The introduction of the actual-price registration system for all property transactions nationwide and the “Joint Property Tax System 2.0,” effective from this month, together with the COVID-19 pandemic, have created a property market freeze, with transaction volumes shrinking and real-estate agents losing their jobs.
It remains to be seen whether the nation will see a fall in closing prices, creating a stressed market, or whether investors who thrive on risk determine that this is the time to jump in and buy property at knockdown prices, entering the market at this period of “crisis.”
Some believe that the market will rebound after the pandemic abates, and that now is a good time to buy.
However, with the prevailing housing market conditions, with prices remaining high, but a lack of increase in incomes for buyers, there is little incentive to buy property.
Meanwhile, sellers have deep pockets and sufficient liquidity. The two sides find themselves in a standoff.
As a result, property prices are unlikely to budge in the short term and nobody knows exactly how the pandemic will develop.
Faced with high property prices and uncertainty over the pandemic, it is difficult to predict whether property prices will bounce back or whether they will remain stagnant, leaving buyers and sellers unsure of how best to proceed.
However, as the pandemic drags on, the wealth disparity will continue to widen. Meanwhile, the stock market is rising, potentially driving the desire to invest in property.
On the other side of the coin, with people being required to stay at home as the nation deals with an outbreak, incomes are flatlining, and in some cases decreasing, leading to a further suppression of consumer momentum.
The property market consists of two aspects, the main being people buying a home, followed by those wishing to buy as part of their investment portfolio.
Especially given the current market, where sky-high property prices necessitate borrowing large amounts of money to own a home, buying property to live in is a completely different proposition from simply investing in stocks without exposing oneself to additional financial burden.
That is, the decision to invest in the property market or the stock market entail different considerations: with buying property, individual consumer preferences prevail, while with buying stocks the major factors determining the decision will be profit and market trends.
What is worrying is that in the past, the low number of investors in the property market has led to property price speculation that scared off buyers looking to purchase their own home.
Real-estate agents have tried to entice people to enter the market, comparing today’s situation to the rebound in the aftermath of the 2003 SARS epidemic.
However, this overlooks the differences in the circumstances between then and now, including the severity of the current outbreak and the huge differences in the state of the property market, not least because of the introduction of policies to curb property market speculation.
Because of these differences, people simply do not know whether the property market will rebound.

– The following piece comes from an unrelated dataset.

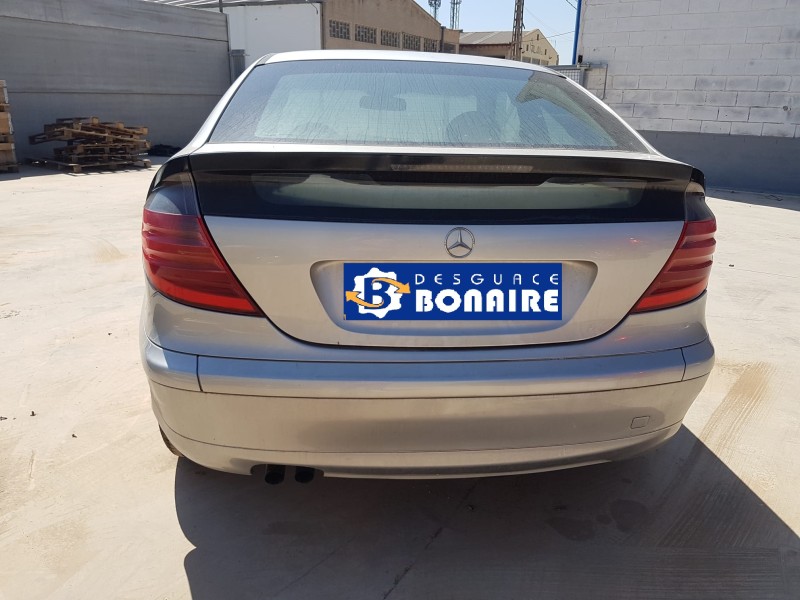mercedes clase c (w203) sportcoupe del año 2001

Amid high property prices, potential buyers are faced with the decision of whether to risk buying now, uncertain of whether prices will rise or fall.
They stand to gain or lose not inconsiderable amounts of money: It is not a decision they should take lightly.

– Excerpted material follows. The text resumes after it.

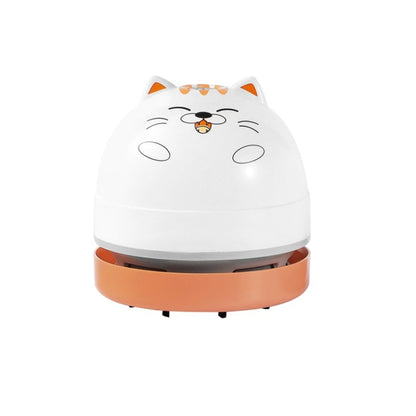 M18 USB Portable Mini Vacuum Cleaner Desktop Keyboard Handheld Cleaner, Panda, Cat, Hamster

Whether the government can curb speculation through the actual-price registration system and transparent information on pre-sale housing; whether the Joint Property Tax System 2.0 can prevent short-term and pre-sale housing investment transactions; whether controls can be implemented using the review and increase of interest rates on properties not for owner habitation and hoarding tax; and whether the government can implement a cross-departmental, multipronged approach to reduce incentives for investment and speculation in the property market will all be crucial at this juncture.
However, if vested interest groups that believe that the government should suspend these policies, given the pandemic and the sluggish market, manage to apply sufficient pressure on the government force a change of course and choose the lesser of two evils, stormy seas could be ahead for the property market.
The considerations of potential buyers are also important.
People looking for a home to live in will be looking at practical matters, such as adequate ventilation, good sunlight, size and the local community environment, when considering a purchase.
However, given the high prices at the moment, coupled with buyers’ limited resources, the options might be constrained to smaller, single-story properties that might not meet their expectations, especially with a partial lockdown to curb COVID-19 infection.
In other words, when thinking of purchasing a property, individual requirements and resources will be central, and the nature of the property itself should be far more important to the decision than any considerations of uncertainty concerning the market in the near term. If people are thinking of buying property as an investment, they will stand to lose even more by buying a less-than-ideal property.
In particular, buyers must be aware that they can only buy individual properties, and not a diverse basket like exchange-traded funds. These are two different propositions, so they should not be tempted to rush into the market and make a rash purchase that they might later regret.
Chang Chin-oh is an honorary chair professor at National Tsing Hua University’s College of Technology Management.